Hidden Costs

Your Florist Quoted Peak Season. Your Date Might Not Be.

Your florist may have priced peak-season flowers into an off-season wedding. Learn how seasonal pricing hides in your quote and what to ask before you sign.

Altared TeamJuly 11, 2026 · 8 min read
Your Florist Quoted Peak Season. Your Date Might Not Be.

A couple getting married the second weekend of October sat down with a florist quote for $6,800. The centerpieces called for garden roses. The bridal bouquet leaned on ranunculus and a few peonies "for fullness." It read beautifully. It also read like a quote built for a June wedding, not an October one.

Here is the part nobody flagged for them: garden roses peak in late spring, ranunculus runs late winter into spring, and peonies are essentially a May-into-early-June flower. By October, every one of those blooms is either out of season, imported at a premium, or substituted for something the florist still prices like the original. The couple wasn't being scammed. They were being quoted on autopilot.

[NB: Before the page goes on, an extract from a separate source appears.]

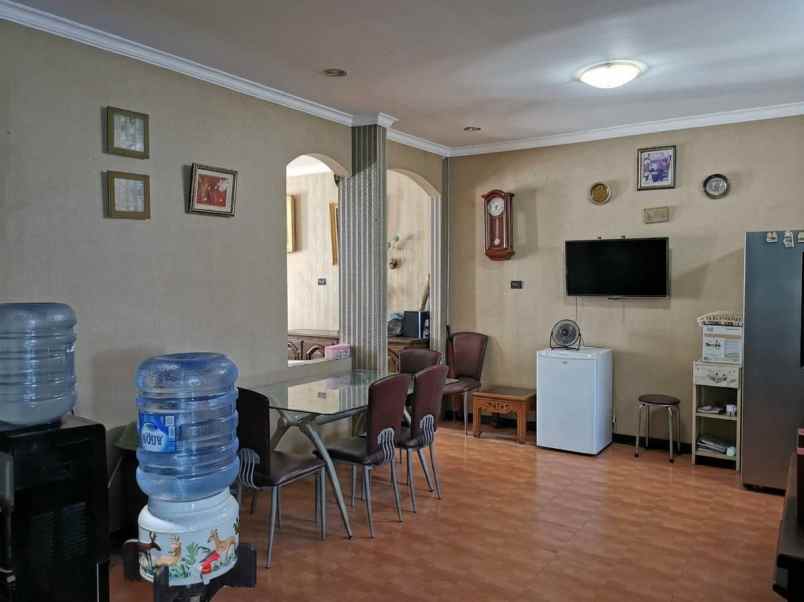dijual rumah legenda wisata cibubur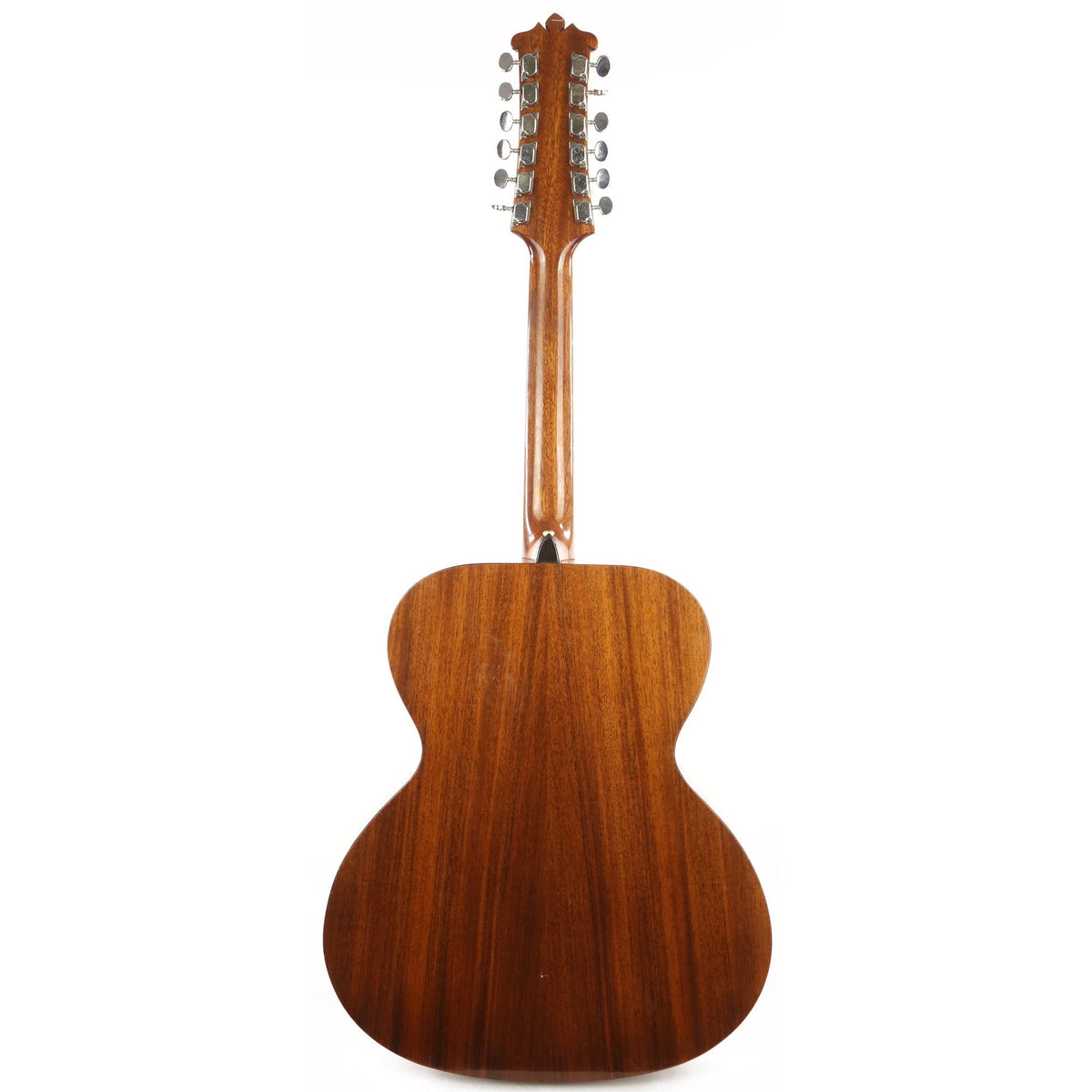 Used 1973 Zemaitis Harp 12-String Acoustic Guitar Natural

That gap between what the florist quoted and what their date actually costs lived in the line items. And they almost never asked, because they didn't know to look.

why your florist's default quote assumes peak season

Florists build their default quotes around peak-season flower pricing. Peonies in May, garden roses in June, the whole expensive calendar. It's not malicious, it's muscle memory. The flowers they show on Instagram, the arrangements clients ask for most, the proposals they've written a hundred times, all of it skews toward the spring and early-summer palette because that's when the wedding industry's most photographed flowers are cheap and abundant.

So when you walk in with an October, November, or early March date, the florist often starts from that same template. The blooms get quoted at the price they'd cost in their best month, even though your date sits months away from it.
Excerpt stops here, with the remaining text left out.